A lot of my work is done at home – I write a lot for the local newspaper, my food blog and some of the clients I have. I have a lovely office and I have my diary (a real one as I don’t like online/computer calendars – it’s a personal thing). Very often, I get a phone call asking me if I would be free to attend this or that event or would I be free to MC an event. I then have to look for my diary, flip the pages quickly to see if I have any commitment on that day.

After a while, I grew tired of this and I considered ways of making access to this type of information more accessible. Looking through Pinterest (and losing hours over this), I found several ideas of so-called Command Centres. This is what I needed. As my desk is towards a wall and I have a shelving unit on the other wall, I wasn’t able to just screw something to the wall so needed to think outside the box. And here is what I came up with – rather than having individual items on a wall, I decided to create a board on which everything is placed, hanging on a rail on my shelving unit so that I can move the command centre along the shelf when I needed something from behind. All the measurements below are based on my needs – you might need different ones.

Command Centre

You need:

  • 1 sheet plywood 1cm thick measuring 50cm x 70cm
  • Sanding paper, different grade from rough to fine
  • Satinwood paint black (you don’t need much)
  • A brush
  • A blackboard measuring 21cm x 29cm (got it from a discount store and painted the frame in copper-gold)
  • A pinboard measuring 24.5cm x 24.5cm (also from a discount store)
  • A pad of monthly planner measuring A4 size (I got mine from Sostrene Grene in Cork)
  • A strip of magnet
  • 3 magnets
  • 3 pegs (I got mine in Tiger Store in Cork)
  • 2 hook screws
  • nails
  • hammer
  • 1 rail measuring longer than your board with hanging hooks (I got mine from Ikea)

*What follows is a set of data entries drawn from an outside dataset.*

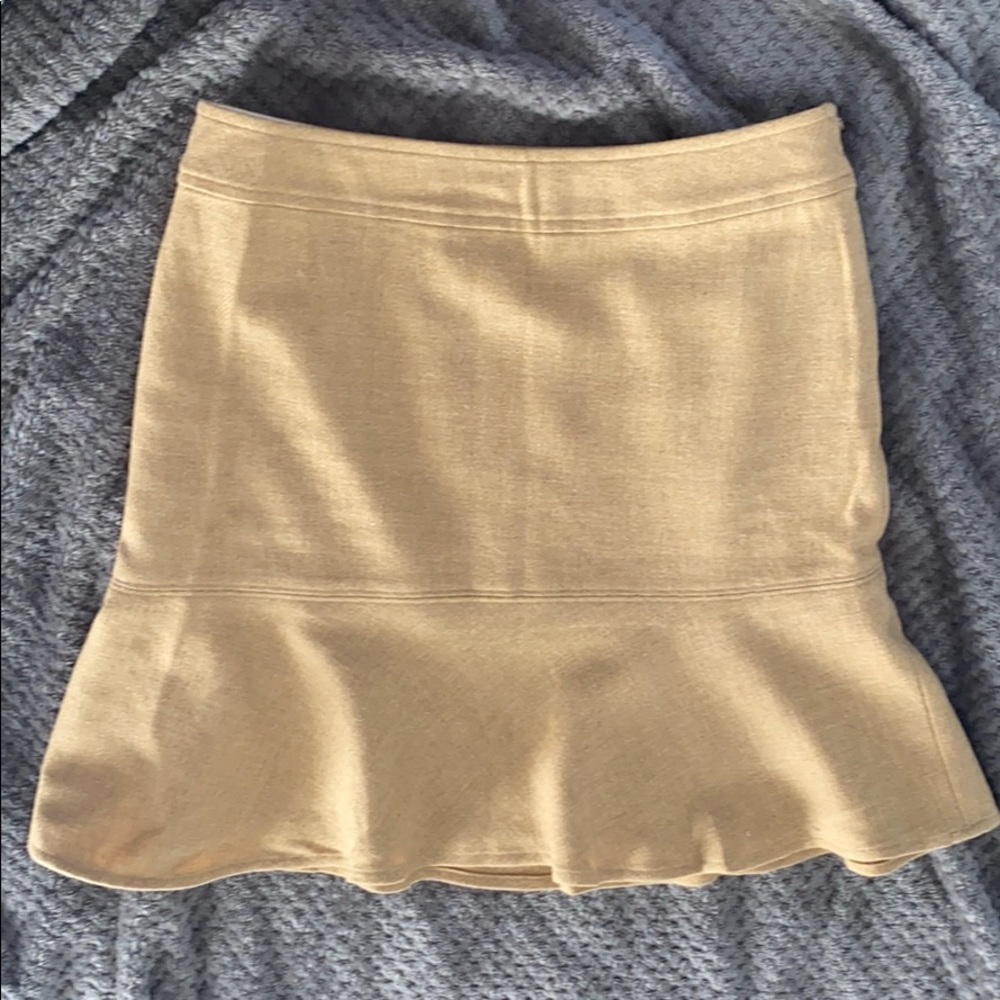 Gap wool skirt size 6!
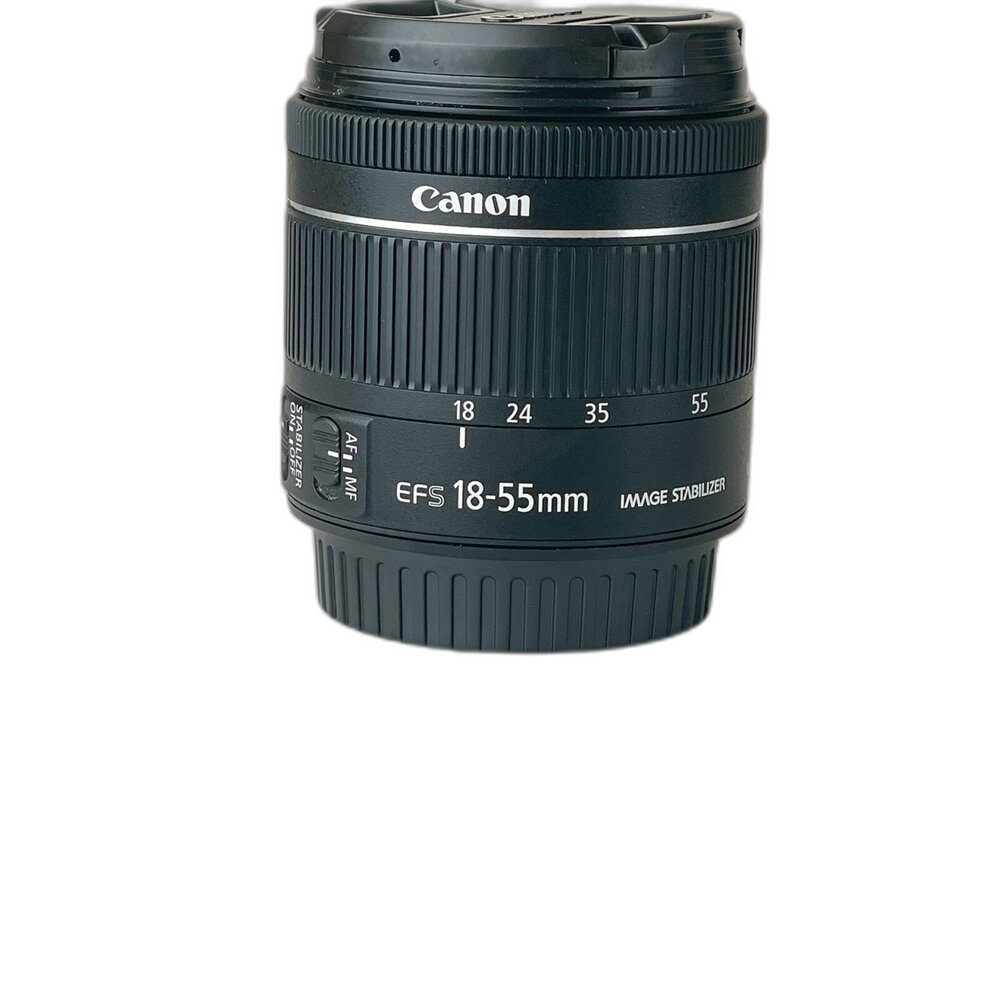  （佳能入門單眼變焦）Canon EFS 18-55mm F3.5-5.6 IS STM 基本款 apsc #01177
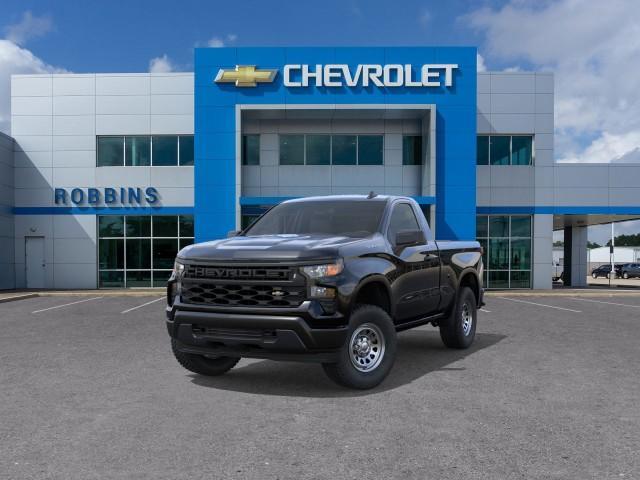 new 2026 Chevrolet Silverado 1500 car, priced at $32,735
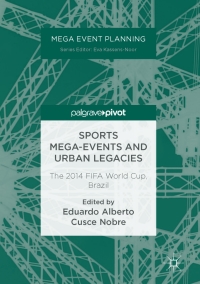 Immagine di copertina: Sports Mega-Events and Urban Legacies 9783319440118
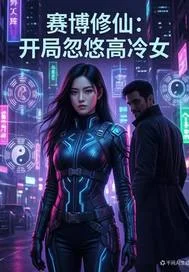 赛博修仙:开局忽悠高冷女封面
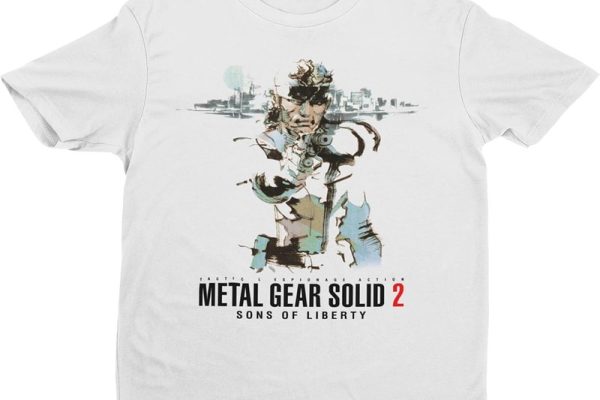 Elevate Your Collection: The Top Metal Gear Solid Official Merch to Own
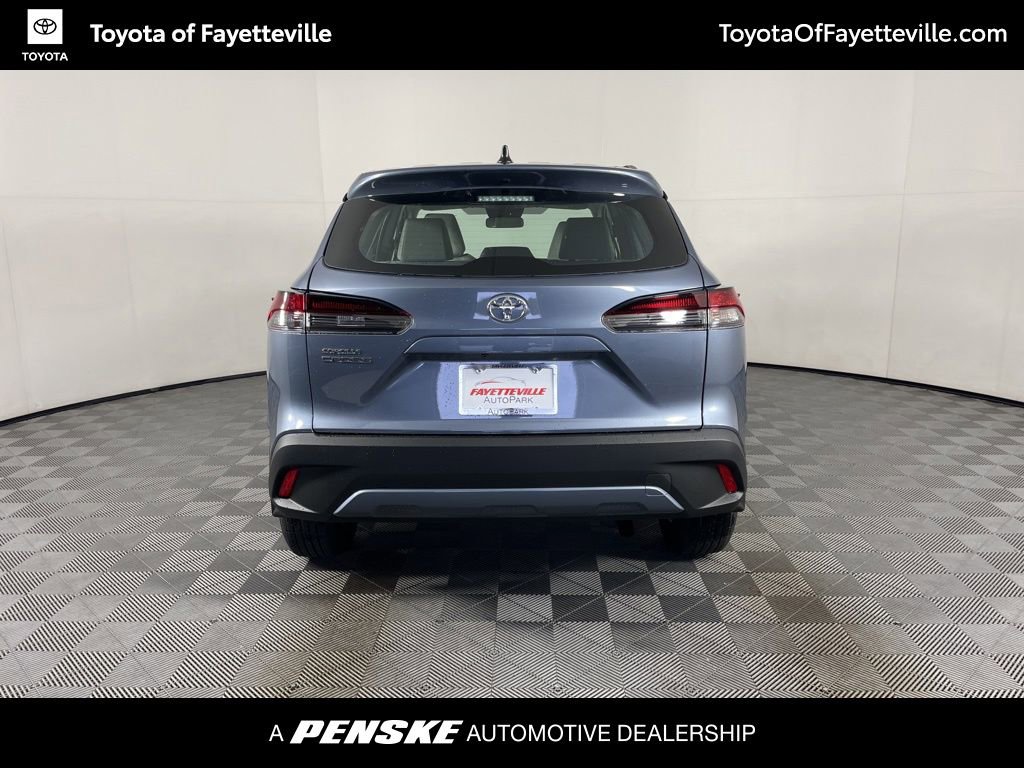 New 2026 Toyota Corolla Cross L image 4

I took the sheet of plywood and drilled a hole on either side of the top sheet large enough so that the hooks from the rail fit through and sanded it down with a rough sanding paper first before using the fine grade one. I didn’t need it to be perfectly smooth. I then painted it with black satinwood paint (I added two coats to make sure it was all nicely covered), covering also the sides.

 

Measuring the items that needed to go on the board, I nailed the balckboard directly onto the black plywood. Next to it, I added the pinboard (I drilled a hole in the middle and used a hookscrew to fix the board to the plywood.

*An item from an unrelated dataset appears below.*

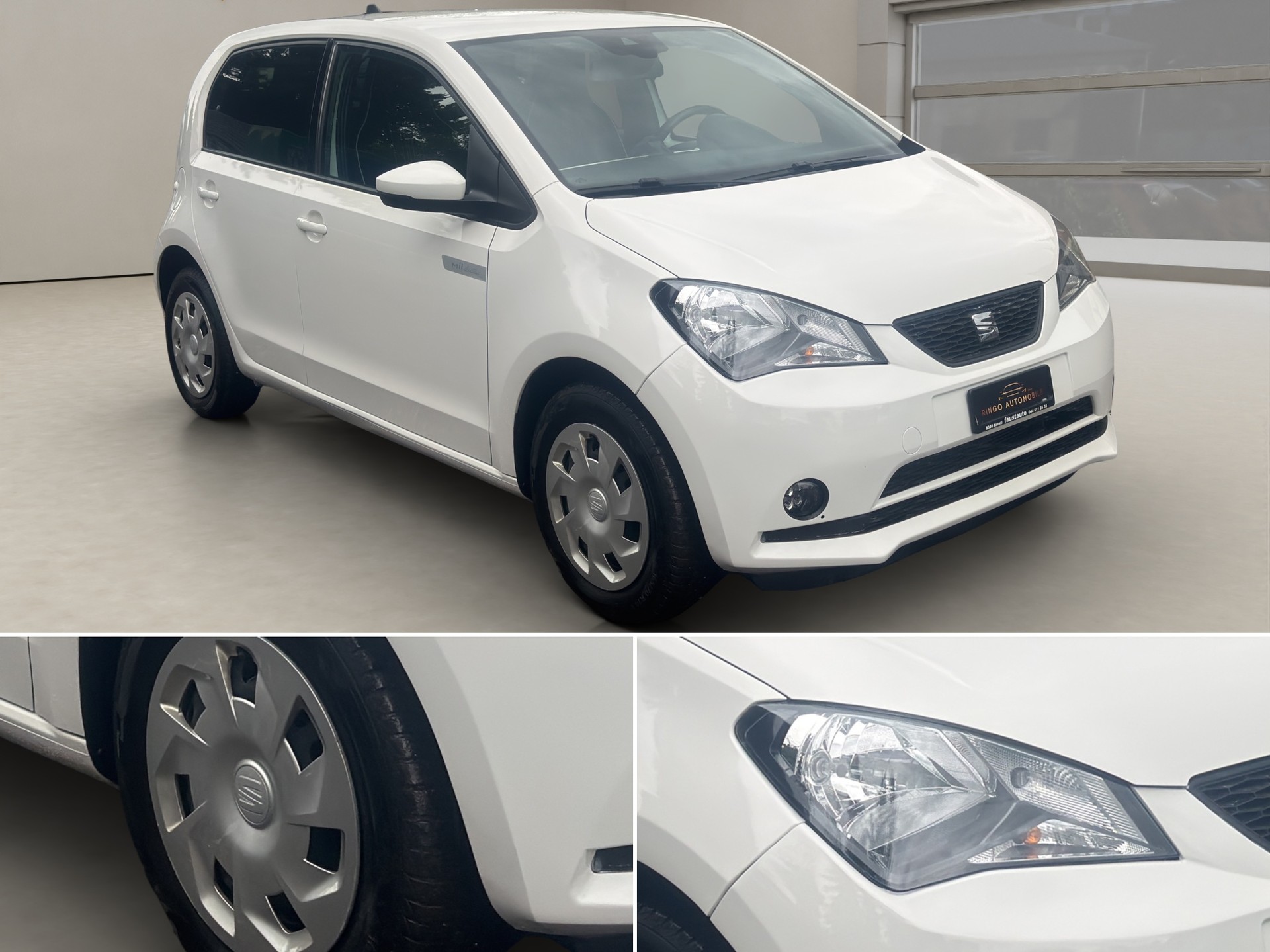 SEAT Mii electric PLUS-image-21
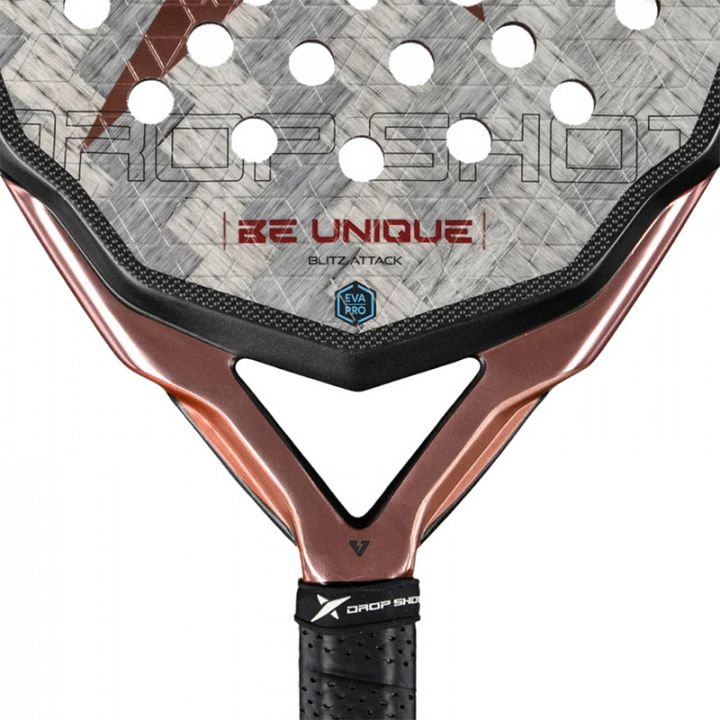 Drop Shot Blitz Attack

I then drilled a hole on either side of the planner pad, large enough to hang on the hookscrew. I held the pad in position on the board, marked the holes and srew in a hookscrew so that I was able to hang the planner pad in position.

I then added three pegs (I used first doublesided tape but that didn’t last long after I added a photo to the pegs, so used hot glue in the end) and glued the magnet strip and added the three magnets.

I had a craft magazine that had pop-out bunting (it’s a few years old actually), so I used the triangles to complete the bunting and hung in on top of the command centre.

And et voila, when someone calls now, I just have to turn around to check if I am free on a certain day. I use the blackboard to keep track of my projects and the pinboard for anything that might float around the desk otherwise.